Note that absolute paths with/without wildcards don't have this ambiguity. In both rel/abs wildcards should match directories and files alike.

Which option do you guys think would be best? I already have a fixed patch for option 1 and 3 but I'd rather hear your thoughts before I introduce either.



P.s. another slight issue I ran into is the fact that fnmatch doesn't ignore os.curdir:

    >>> fnmatch.fnmatch('./a', 'a')
    False
msg152946 - (view) Author: R. David Murray (r.david.murray) * (Python committer) Date: 2012-02-09 14:49
I have to say that the non-obvious subtleties you point out in your rglob make me think I personally would probably opt to use Nick's module directly instead, so that I was sure what I was getting.
msg152949 - (view) Author: Eli Bendersky (eli.bendersky) * (Python committer) Date: 2012-02-09 15:18
> I have to say that the non-obvious subtleties you point out in your rglob make me think I personally would probably opt to use Nick's module directly instead, so that I was sure what I was getting.
>
> ----------

+1
msg152950 - (view) Author: Yuval Greenfield (ubershmekel) * Date: 2012-02-09 15:31
> I have to say that the non-obvious subtleties you point out in your rglob make me think I personally would probably opt to use Nick's module directly instead, so that I was sure what I was getting.

I didn't notice these corner cases initially because of their distance from the main use case. The main use-case is to glob the current directory or an absolute path tree using a wildcard, esp for finding all files of a given type. This leaves no ambiguity.

I'd like the edge cases of relative paths to behave in a documented and sensible way, but they pale in comparison to the usefulness of the proposal imho.

I believe we should decide what's the most useful and sensible behavior and have a shortcut for that.
msg152951 - (view) Author: R. David Murray (r.david.murray) * (Python committer) Date: 2012-02-09 15:40
Hmm.  Just to make it clear where I'm coming from, though, I should also point out that I use rdiff-backup, which uses the **/yadayada syntax, and I hate it any time I have to try to figure out what such a glob is going to actually match.
msg152952 - (view) Author: Antoine Pitrou (pitrou) * (Python committer) Date: 2012-02-09 15:46
> * Behave like a glob for every subdirectory. Meaning that every
> relative path gets a '*/' prepended to it. Eg rglob('c/d') started
> from the directory 'a' will yield 'a/b/c/d'.

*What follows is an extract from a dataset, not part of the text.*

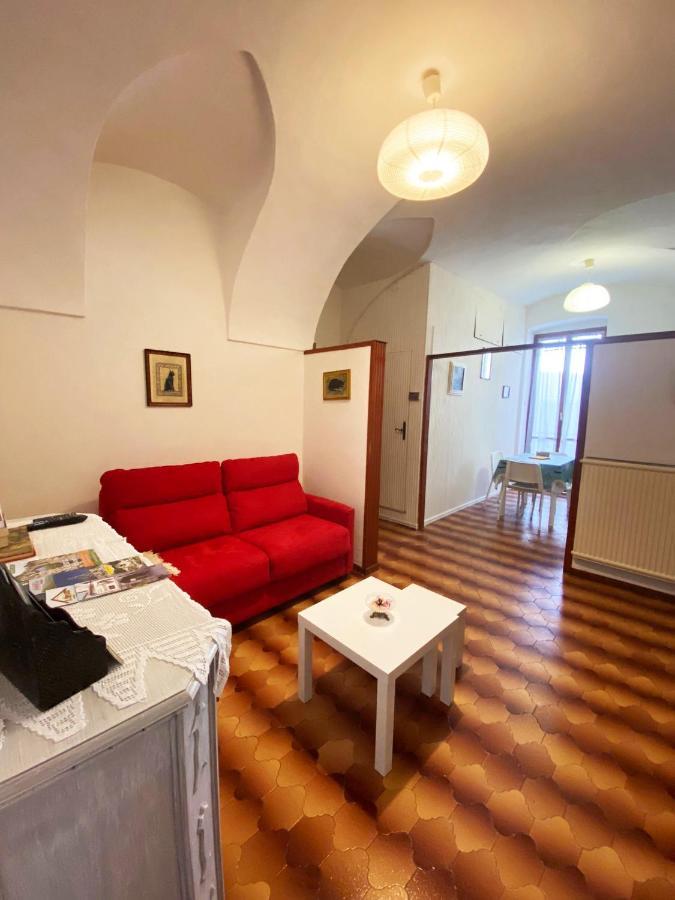 Central Apartamento Dolceacqua Exterior foto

That's what I would expect. That way, rglob('__init__.py') would find
all files named __init__.py beneath the current directory.

> P.s. another slight issue I ran into is the fact that fnmatch doesn't
> ignore os.curdir:
> 
>     >>> fnmatch.fnmatch('./a', 'a')
>     False

Sounds ok. fnmatch is a low-level lexical thing.
msg152953 - (view) Author: Yuval Greenfield (ubershmekel) * Date: 2012-02-09 16:03
>> * Behave like a glob for every subdirectory. Meaning that every
>> relative path gets a '*/' prepended to it. Eg rglob('c/d') started
>> from the directory 'a' will yield 'a/b/c/d'.

> That's what I would expect. That way, rglob('__init__.py') would
> find all files named __init__.py beneath the current directory.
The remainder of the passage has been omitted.